Raindrops on roses and whiskers on kittens, bright copper kettles and warm woollen mittens, brown paper packages tied up with strings are not suppression of your free speech. They're a few of a failed nun's favourite things. Write that down if you need to.

If someone hands you their megaphone, gives you a $250,000 advance for using that megaphone, then decides to take their megaphone back when they find you explaining how "sexually mature" 13-year-olds benefit from "enriching and incredibly life-affirming" sexual relations with older men, that is not you being robbed of your right to free speech. That's a business not wanting a megaphone with their logo on it in the hands of a pedophilia apologist, you creep.

When I write that ditching Milo now proves that Milo-love was never about defending "Free speech!" on principle, as his promoters mostly claim, that is not an attack on free speech. That is just a logical conclusion: People loved Milo because he was their gay-hating gay friend who let them know it was okay to be homophobic while he helpfully articulated their racism and hatred of women and trans people.

Milo's business model was delivering bigotry in a camp, plausibly deniable package; and people loved their proxy, until he went toxic. "I will defend your right to free speech as long as you're saying that women can't do math and Muslims are destroying the West, but abandon that cause as soon as you defend raping children" is truly the darkest kind of fair-weather fandom.

When a radioactive spider bites you while you're watching your parents get gunned down by a desperate criminal outside a Gotham theatre and you want to put some cream on it or something, but this really big guy keeps trying to tell you you're a wizard, that's not anyone suppressing your free speech. That's your origin story. Get with the program, Spiderbat Harry.

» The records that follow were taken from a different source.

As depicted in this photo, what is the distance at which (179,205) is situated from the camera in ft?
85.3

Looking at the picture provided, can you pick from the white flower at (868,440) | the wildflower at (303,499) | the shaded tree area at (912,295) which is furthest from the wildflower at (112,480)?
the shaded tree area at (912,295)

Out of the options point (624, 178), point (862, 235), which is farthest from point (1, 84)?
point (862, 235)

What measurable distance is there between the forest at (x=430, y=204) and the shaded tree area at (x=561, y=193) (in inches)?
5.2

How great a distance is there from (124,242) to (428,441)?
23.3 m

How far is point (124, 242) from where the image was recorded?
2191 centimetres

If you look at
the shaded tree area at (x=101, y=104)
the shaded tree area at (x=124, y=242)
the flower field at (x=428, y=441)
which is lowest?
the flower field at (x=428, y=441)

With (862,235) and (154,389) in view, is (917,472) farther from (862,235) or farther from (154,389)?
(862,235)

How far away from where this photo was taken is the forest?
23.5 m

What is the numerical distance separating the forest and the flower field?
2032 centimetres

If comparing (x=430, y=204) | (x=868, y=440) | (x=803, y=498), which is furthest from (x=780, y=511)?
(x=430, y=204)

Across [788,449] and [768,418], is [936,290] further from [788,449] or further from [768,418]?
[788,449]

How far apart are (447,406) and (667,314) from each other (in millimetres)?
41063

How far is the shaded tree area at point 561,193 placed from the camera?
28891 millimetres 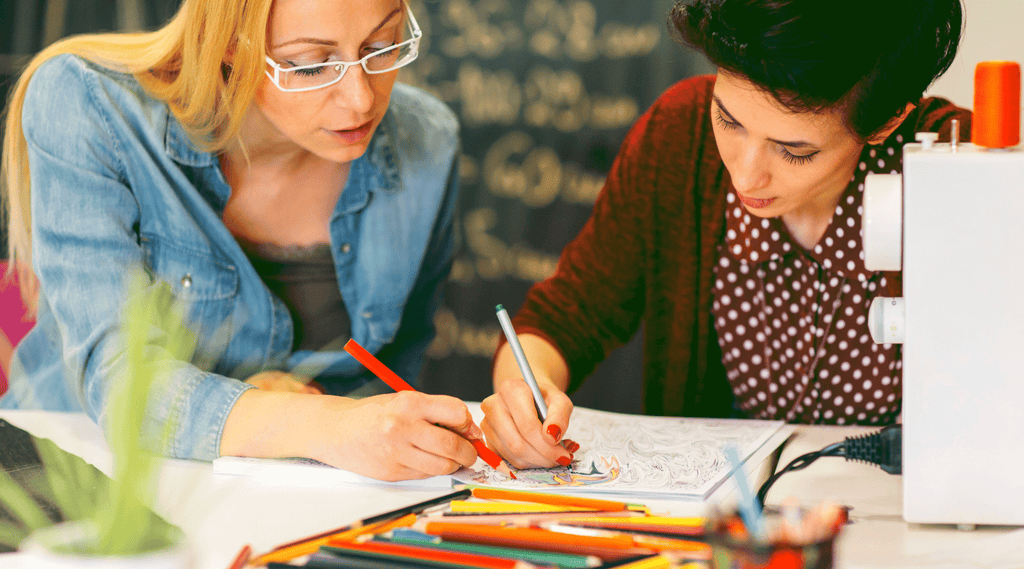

Gin toddies, in large measures, may (much like never having to listen to Milo Yiannopoulos's theory on the non-existence of lesbians) be part of a fine life, but they're no impediment to your free speech. Breathe easy.

Now, there are those who say Milo is beneath discussion and we should just ignore him, but just because very little of what he says makes any sense – that doesn't mean he doesn't mean anything. Milo's rise says a lot about the current state of conservatism, about which I can only say, "Where you goin', guys?"

Time was it could be argued that conservatives sought much the same end as did liberals – promising a better, more prosperous society. True, their vision of "betterness" and "prosperity" was unlike the left's vision and they wanted to take a different road to get there; but their path was, at least, recognizable as a road.

The endgame of conservatism was once something more ambitious than "making liberals really mad," which, as challenges go, falls somewhere between "making ice cream melt" and "taking candy from a Pez dispenser."

These days, American conservatism does not look like Ronald Reagan promising "Morning in America." It looks like little Tommy poking his sister with his middle finger over and over in the back seat of the car, and then, when called on it, saying "I did not!" followed by "Immigrants and women started it!"